The errors seem to be telling you that GCC is not expecting floating point instructions to be present. I have not tried using GCC with an M4F yet, but looking at your command line, and your output I would suggest that either you need to define the CPU as Cortex-M4F rather than just Cortex-M4 (not all Cortex-M4s have a floating point unit), or that you need to manually tell GCC that a hardware floating point unit is being used via a separate command line option.

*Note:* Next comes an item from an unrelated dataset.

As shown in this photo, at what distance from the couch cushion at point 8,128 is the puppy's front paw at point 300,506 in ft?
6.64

That assumes the version of GCC you are using supports an M4F, of course.
Regards.
anonymous wrote on Wednesday, December 21, 2011:
Hi!
I’m using the codesourcery toolchain with the following options:
-mcpu=cortex-m4 -mthumb -mfpu=fpv4-sp-d16 -mfloat-abi=softfp
Keep in mind that the FPU is single precision only. So you should use sqrtf() instead of sqrt() to prevent double precision emulation calls.
You should also try
-fsingle-precision-constant
To treat float literals as single precision. Otherwise, a term like x = x * 0.123 will call a double precision library function (or write 0.123f, which I find quite awkward).
have fun!
cd334 wrote on Tuesday, January 03, 2012:
Hi!
I have tried out your Cortex-M4F port ver 0.2. with the STM32F4-Discovery board.

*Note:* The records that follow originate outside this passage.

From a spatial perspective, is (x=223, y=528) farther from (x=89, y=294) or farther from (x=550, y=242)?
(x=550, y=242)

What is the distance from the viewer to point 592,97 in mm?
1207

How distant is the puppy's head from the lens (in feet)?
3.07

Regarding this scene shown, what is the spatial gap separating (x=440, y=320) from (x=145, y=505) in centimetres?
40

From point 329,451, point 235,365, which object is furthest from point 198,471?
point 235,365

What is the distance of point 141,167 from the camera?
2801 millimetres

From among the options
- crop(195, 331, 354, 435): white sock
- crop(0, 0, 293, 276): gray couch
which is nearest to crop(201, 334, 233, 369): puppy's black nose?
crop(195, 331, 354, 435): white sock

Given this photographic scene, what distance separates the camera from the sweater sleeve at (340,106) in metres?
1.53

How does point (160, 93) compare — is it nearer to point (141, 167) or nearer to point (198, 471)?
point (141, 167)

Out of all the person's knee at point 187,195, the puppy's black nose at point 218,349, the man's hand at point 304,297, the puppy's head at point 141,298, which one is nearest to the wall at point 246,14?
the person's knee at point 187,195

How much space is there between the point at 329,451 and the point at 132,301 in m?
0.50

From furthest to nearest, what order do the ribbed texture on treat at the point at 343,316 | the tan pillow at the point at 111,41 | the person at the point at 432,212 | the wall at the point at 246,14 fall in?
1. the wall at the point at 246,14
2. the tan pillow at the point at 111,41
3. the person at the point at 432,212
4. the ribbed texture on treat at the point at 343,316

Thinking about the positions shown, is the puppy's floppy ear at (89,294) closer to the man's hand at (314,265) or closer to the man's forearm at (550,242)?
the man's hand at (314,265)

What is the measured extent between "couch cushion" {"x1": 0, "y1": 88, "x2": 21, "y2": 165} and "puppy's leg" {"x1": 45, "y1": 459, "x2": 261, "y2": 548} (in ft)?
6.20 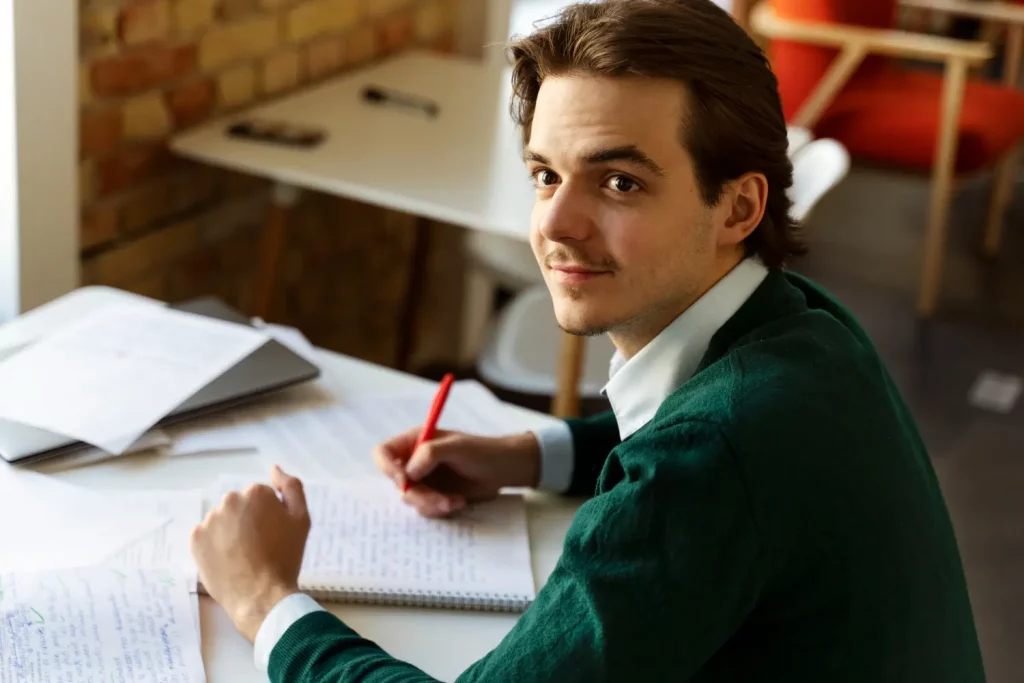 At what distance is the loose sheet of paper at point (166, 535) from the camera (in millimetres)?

I use Mentor CodeSourcery Lite GCC compiler (2011.09-69-arm-none-eabi).
I can compile your code, with the compiler flags:
-mcpu=cortex-m4 -mthumb -mfpu=fpv4-sp-d16 -mfloat-abi=softfp
But i have a problem at xTaskCreate funtion.
My program hangs in this function.
My program slice:
portBASE_TYPE task_create_LED;
task_create_LED = xTaskCreate( prvLEDTask, ( signed char * ) "Led", configMINIMAL_STACK_SIZE, NULL, mainLED_TASK_PRIORITY, NULL );
if (task_create_LED == pdPASS) printf(" LED Task Created!\r\n");
else printf(" LED Task Create FAILED! Err. Code: %u!\r\n",task_create_LED);
configMINIMAL_STACK_SIZE is 256
mainLED_TASK_PRIORITY is ( tskIDLE_PRIORITY + 1 )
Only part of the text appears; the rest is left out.